ObamaCare death spirals and the individual mandate


In response to HHS: 24 Percent of Enrollees Between 18 and 35:

I know this will sound brutally cynical, but I find it necessary to assume every report pertaining to ObamaCare has been fudged or manipulated in some way, until proven otherwise.  The 24 percent number of young enrollees from the report you cited is horrific – far, far below what ObamaCare needs to survive, when projected across the vast American population – but I suspect even that figure is higher than the unvarnished truth we’ll discover in a few months, maybe after some oversight hearings.  

But let’s play along with 24 percent for the time being.  How many of those young folks are true Young Invincibles – young, healthy, and willing to pay jacked-up premiums for virtually useless insurance in perpetuity?  Young people with significant pre-existing conditions are not financial assets on the ObamaCare balance sheets, and yet I suspect they’re probably a strong component of the early customers in the 18-35 demographic.

And, if I might be forgiven for putting this indelicately: how many of that young 24 percent has a clue how lousy their new ObamaCare policies are?  A recurring theme emerging from anecdotal accounts of young folks encountering ObamaCare is their mistaken belief that they were getting some kind of “free” full-coverage no-expenses policy.  On the contrary, they’re paying exorbitant premiums to get coverage that won’t do a bloody thing for them until they shell out $8000 or more in out-of-pocket expenses in a single year.  I suspect a lot of them don’t really understand how that works, and they might grow reluctant to pay those big premiums after the first time they attempt to use their benefits.

At which point they’ll run afoul of the notorious individual mandate, which (of course) uses a super-complicated formula that begins spiraling dramatically upward next year to compute the absurd and offensive “tax/penalty” you’ll pay for refusing to buy insurance from the government’s Little Partners in the insurance industry.  Byron York cites industry expert and ObamaCare critic Bob Laszewski wondering if the mandate can survive a political backlash after it begins escalating:

“In the first year, the mandate is useless,” said Laszewski. “One percent isn’t strong enough.

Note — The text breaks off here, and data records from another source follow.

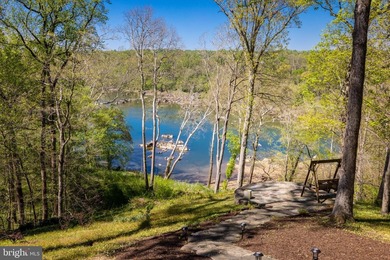 Breathtaking river views with access for fishing and - photo 57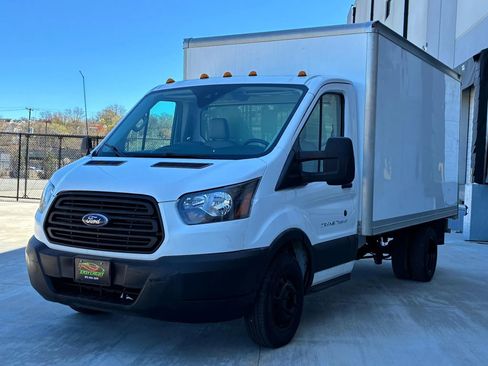 Used 2019 Ford Transit 350 156 DRW RWD image 1
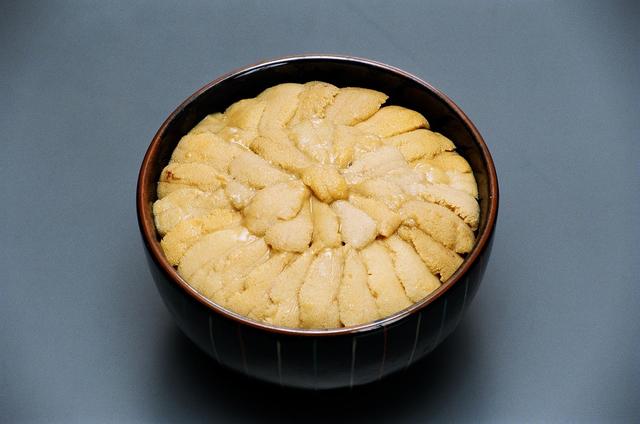 逛日本海鲜市场,北海道函馆海胆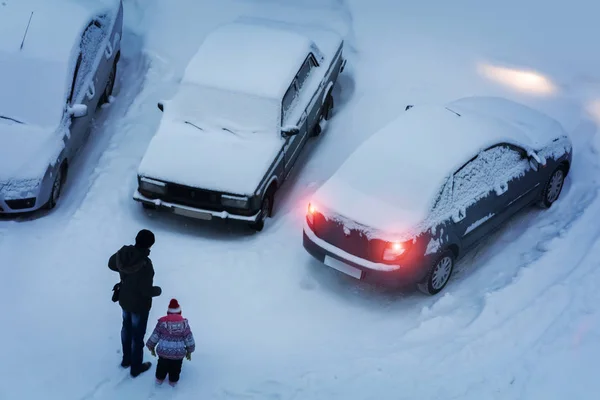 Vista Dall Alto Uomo Bambino Vicino Alle Auto Coperte Neve — Foto Stock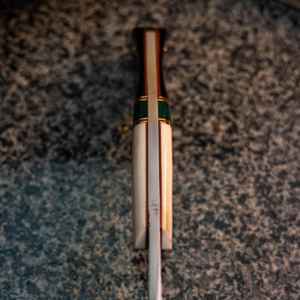 มีดสำหรับตั้งแคมป์และล่าสัตว์เกรดอุตสาหกรรม ออกแบบตามสั่ง OEM/ODM สำหรับใช้งานกลางแจ้ง คุณภาพพรีเมียม ขายส่งจำนวนมาก รับผลิตตามสั่ง - Product Image 4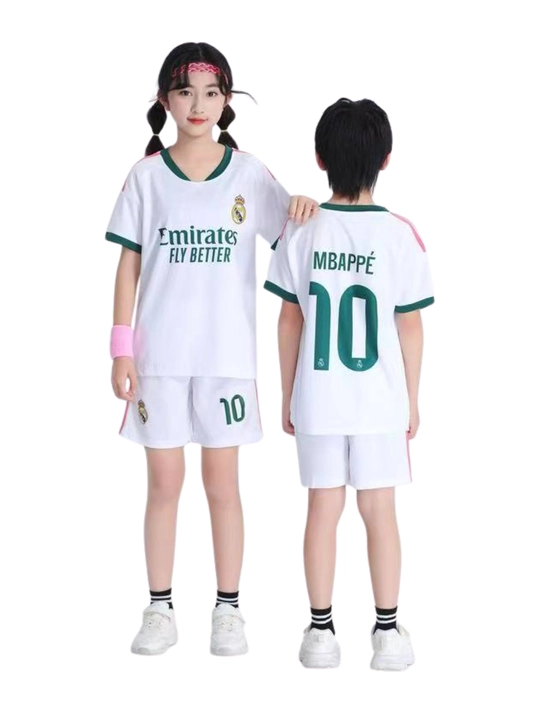 Bolalar futbol formasi 2026/2027 Real Madrid, Barselona, Manchester Siti, Argentina, Braziliya - 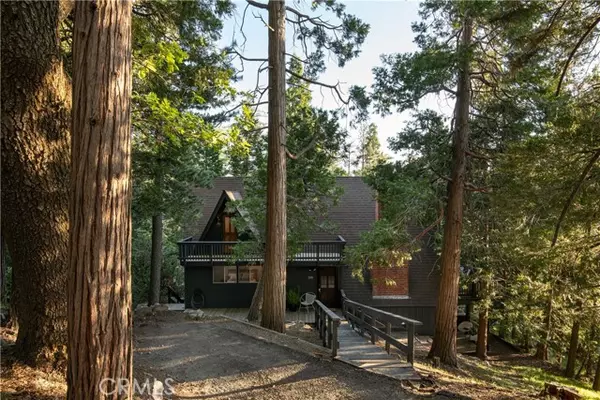 Lake Arrowhead, CA 92352,399 Rainier RD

The IRS can’t really collect it anyway from anyone who wants to flaunt it. Then we get to the second and third year. Two percent in 2015 and 2.5 percent in 2016. Now we have real money. The IRS still can’t collect it, but lots of people will still be troubled by it because they won’t like getting nasty letters from the IRS.”

As Laszewski sees it, the mandate could become extremely unpopular — it’s already by far the least popular part of Obamacare — if policies are not what the public wants to buy. Who would want to be forced to buy something he or she doesn’t want? That something is not insurance itself — it is insurance that is ill-fitting and overpriced. “The problem is that the government will be hard pressed to collect a fine on something lots of people don’t believe has value,” Laszewski said. “This is when it will become a huge political albatross. At the core Obamacare is not sustainable, and the mandate/fine is not politically sustainable, if there are lots of middle class people who see Obamacare as a poor value.”

What he means by “the IRS can’t really collect it anyway from anyone who wants to flaunt it” is that the individual mandate is siphoned from the annual tax returns of victims.  The Democrats were afraid to write stronger collection mechanisms into the Affordable Care Act, or have the mandate begin in 2014 at the crushing $695 average level it will eventually reach, because they didn’t want the public to freak out.  

As it stands, the IRS has no way to collect the penalty from people who don’t get a tax refund.  Most young people do, and since some of them might still fail to understand how the trans-Constitutional tax/penalty system works, the next couple of Tax Days should be interesting.  (I wonder how all those businesses that specialize in offering tax refund advance loans – ranging from cash loans to discounts on new car purchases – are going to deal with not knowing if any given customer is a potential individual mandate target.)  

The mandate will become, in effect, a regressive tax on young and low-income people who really love those Tax Day “free money” windfalls from Uncle Sam.  That might actually be a useful life lesson, because it’s always a bit nauseating to watch Big Government purchase goodwill from financially ignorant people with their own money.  But I suspect Laszewski is right about the political backlash, particularly after the mandate begins growing.  

And if the insurance industry is locked in a bailout-infused death spiral, who’s to say the individual mandate will remain at even its projected Year Three maximum… or that the IRS won’t using more aggressive collection methods?  Without the individual mandate, the only things keeping ObamaCare alive are huge infusions of deficit funny money, and industry controls that lock competitors out of the government’s pseudo-socialized insurance racket.  If the American public calls ObamaCare’s bluff and rebels against the mandate, the insurance industry will flip out, but it’s actually rather difficult to imagine the public meekly accepting those huge hits to their tax returns as punishment for failing to purchase a product they don’t consider valuable.  Most pertinently, let’s see what happens to the percentage of young and healthy ObamaCare consumers if the IRS isn’t holding their tax returns hostage.